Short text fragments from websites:
-=-=-

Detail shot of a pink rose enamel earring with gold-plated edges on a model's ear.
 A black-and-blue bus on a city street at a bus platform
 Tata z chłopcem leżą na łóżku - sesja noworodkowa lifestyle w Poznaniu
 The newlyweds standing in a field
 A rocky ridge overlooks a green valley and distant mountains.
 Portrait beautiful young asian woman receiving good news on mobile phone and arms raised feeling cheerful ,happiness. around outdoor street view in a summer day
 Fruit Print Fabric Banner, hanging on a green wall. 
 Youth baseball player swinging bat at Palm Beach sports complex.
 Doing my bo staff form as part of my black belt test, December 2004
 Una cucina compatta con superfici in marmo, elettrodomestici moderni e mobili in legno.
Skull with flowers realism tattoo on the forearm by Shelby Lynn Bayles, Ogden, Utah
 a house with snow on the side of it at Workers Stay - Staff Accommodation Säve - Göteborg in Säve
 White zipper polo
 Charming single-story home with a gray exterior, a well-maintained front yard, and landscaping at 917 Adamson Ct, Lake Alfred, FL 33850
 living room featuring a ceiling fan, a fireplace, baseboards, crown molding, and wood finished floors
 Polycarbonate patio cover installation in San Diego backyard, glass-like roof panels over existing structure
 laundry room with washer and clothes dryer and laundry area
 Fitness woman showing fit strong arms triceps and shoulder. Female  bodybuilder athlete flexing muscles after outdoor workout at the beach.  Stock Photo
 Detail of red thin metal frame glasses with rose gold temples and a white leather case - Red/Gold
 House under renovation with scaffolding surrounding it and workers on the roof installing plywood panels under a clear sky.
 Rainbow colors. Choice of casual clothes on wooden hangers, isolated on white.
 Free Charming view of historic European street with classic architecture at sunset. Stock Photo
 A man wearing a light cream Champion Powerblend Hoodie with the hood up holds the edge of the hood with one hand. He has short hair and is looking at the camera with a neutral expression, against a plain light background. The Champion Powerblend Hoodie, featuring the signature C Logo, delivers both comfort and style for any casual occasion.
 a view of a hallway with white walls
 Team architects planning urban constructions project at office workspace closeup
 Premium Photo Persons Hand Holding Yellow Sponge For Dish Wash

-=-=-

• Action item
Restate exactly, and only, every line from the one that contains "Skull with flowers" through the last line of the records.

• Task result
Skull with flowers realism tattoo on the forearm by Shelby Lynn Bayles, Ogden, Utah
 a house with snow on the side of it at Workers Stay - Staff Accommodation Säve - Göteborg in Säve
 White zipper polo
 Charming single-story home with a gray exterior, a well-maintained front yard, and landscaping at 917 Adamson Ct, Lake Alfred, FL 33850
 living room featuring a ceiling fan, a fireplace, baseboards, crown molding, and wood finished floors
 Polycarbonate patio cover installation in San Diego backyard, glass-like roof panels over existing structure
 laundry room with washer and clothes dryer and laundry area
 Fitness woman showing fit strong arms triceps and shoulder. Female  bodybuilder athlete flexing muscles after outdoor workout at the beach.  Stock Photo
 Detail of red thin metal frame glasses with rose gold temples and a white leather case - Red/Gold
 House under renovation with scaffolding surrounding it and workers on the roof installing plywood panels under a clear sky.
 Rainbow colors. Choice of casual clothes on wooden hangers, isolated on white.
 Free Charming view of historic European street with classic architecture at sunset. Stock Photo
 A man wearing a light cream Champion Powerblend Hoodie with the hood up holds the edge of the hood with one hand. He has short hair and is looking at the camera with a neutral expression, against a plain light background. The Champion Powerblend Hoodie, featuring the signature C Logo, delivers both comfort and style for any casual occasion.
 a view of a hallway with white walls
 Team architects planning urban constructions project at office workspace closeup
 Premium Photo Persons Hand Holding Yellow Sponge For Dish Wash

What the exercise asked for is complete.